Copper and the other base metals, however, are in a league of their own, thanks to China. China and India are in a rush to build their infrastructure to sustain economic growth and they've been soaking up the commodities of the world. China's GDP grew 9.1% in 2003, which was the fastest in six years and it's now the second largest oil importer after the U.S., which is why oil is flirting with its 1990 highs. Not only are oil imports up 30%, but China also consumed half of the world's cement, 30% of its coal and 36% of its steel.

COPPER: A blow off rise?

Copper also tends to rise during global economic recoveries and this too has added even more upward pressure to copper, which helped cause this month's surge as supplies were being depleted.
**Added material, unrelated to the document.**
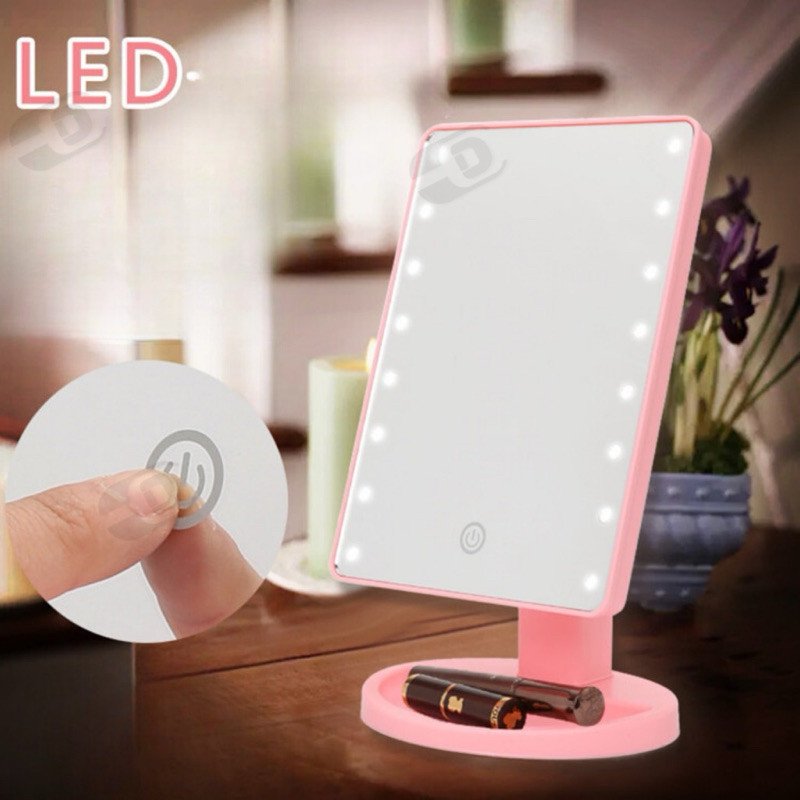 Espelho de Maquiagem com 16 LEDs Touch e Articulação 180 Graus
If China continues to grow at a similar pace this year, we could see even higher prices, but copper could also be in a "blow off" rise (see Chart 1A). Note that it's breaking above its major downtrend, it reached its 1995 highs while the leading indicator has now risen to its major high area (see Chart 1B). As you can see, each time a high area was reached, it has coincided with a top area in copper. Plus, it's happening while the dollar is rising in a rebound rise, which will also put pressure on copper. But even if copper declines to $1.15, it would still be strong.

Many believe China's economy is overheating and if it is, we'll surely see a weaker copper price as the economy cools down. But China is the new kid on the international block and no one quite knows how to treat them. Will they stay robust? Are they overheating? One thing we do know, they are here to stay for the long-term and the world will continue to be affected by this.
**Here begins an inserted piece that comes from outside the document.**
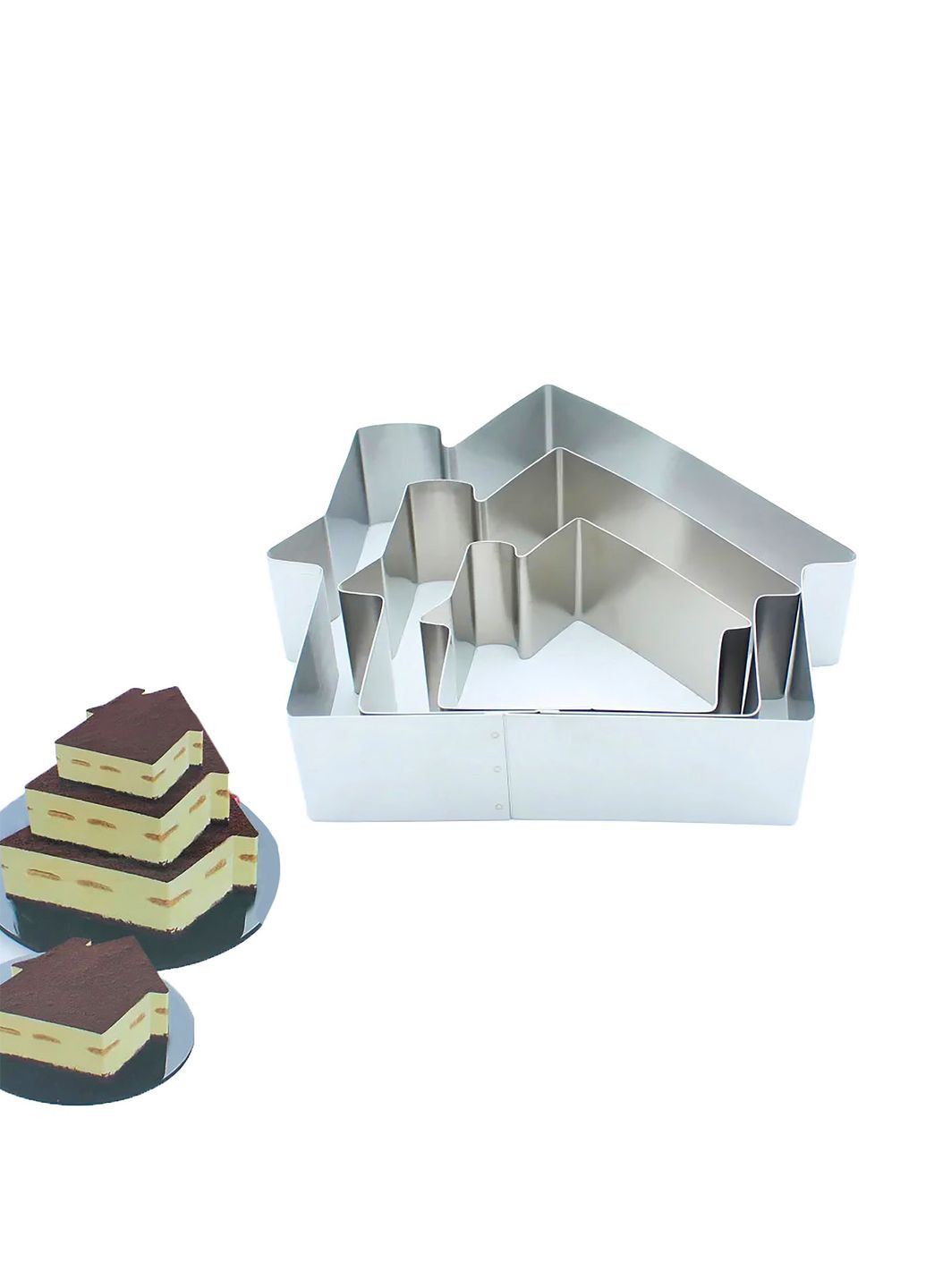 Металева кондитерська форма для випікання та складання тортів у вигляді будиночка (набір з 3 шт.) H 4.5 см Kitchen Master (290840761)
So whether or not China slows its rapid growth near-term, it'll keep growing, producing and modernizing for years to come. Many are already saying China will be the power of the 21st century, just as the U.S. was in the 20th century and the U.K. in the 19th century. That alone is going to influence the markets, as we're already seeing.

This imbalance in the world will eventually strain all major currencies because the country with the weakest currency will have the edge to export at a better price. This is where gold fits in. It will be the currency of last resort.

GOLD: Bull market underway

Meanwhile, gold has been declining since January 9th in a decline we call D. This is normal when looking at both the big picture and the intermediate one. We've been taking this bull market one step at a time and so far the steps are still in place.

Looking at the big picture first, Chart 2 shows that gold moves in a 1-4 movement. The #1 rises are the best bull markets in gold. The rise to the 1980 high, for example, was a #1 rise, just like the rises in 1985-87 and 1993-96 were. The declines preceding these bull market rises (#4) tend to fall to new lows within each 1-4 movement.

But the 2001 low (the last #4) was different because gold did not fall to new lows. This was the first sign of a major change. Gold then rose above its 65-week moving average in August, 2001 where it has stayed since then. This rising moving average provides solid support at $370. Then in December, 2002 gold moved up into the second step of the bull market when it broke above its prior #3 peak. This was a milestone because gold hadn't been able to do this since the surging rise of the 1970s. The 1996 high then became the next target and gold completed this target last January.

Now gold could fluctuate within this step between $330 and $427 in the coming months, and technically, the big picture bull would still be on track.

But if gold stays above $370 and eventually breaks above $427, gold will be entering the third step where $427 would become the solid support and the next target would then be the 1987 high near $500.

Many people argue that 2004 is a likely time for the bull market to end. It ties in with the 11 year peaks that follow the 8 year cycle lows and gold's rise has already been similar in time and movement to the 1980s and 1990s rises. We agree 2004 is a key year for the bull market. If gold breaks into the third step this year, gold would then be more in line with the 1970s rise. But if gold moves within the second step level this year, we could see a postponed bull market.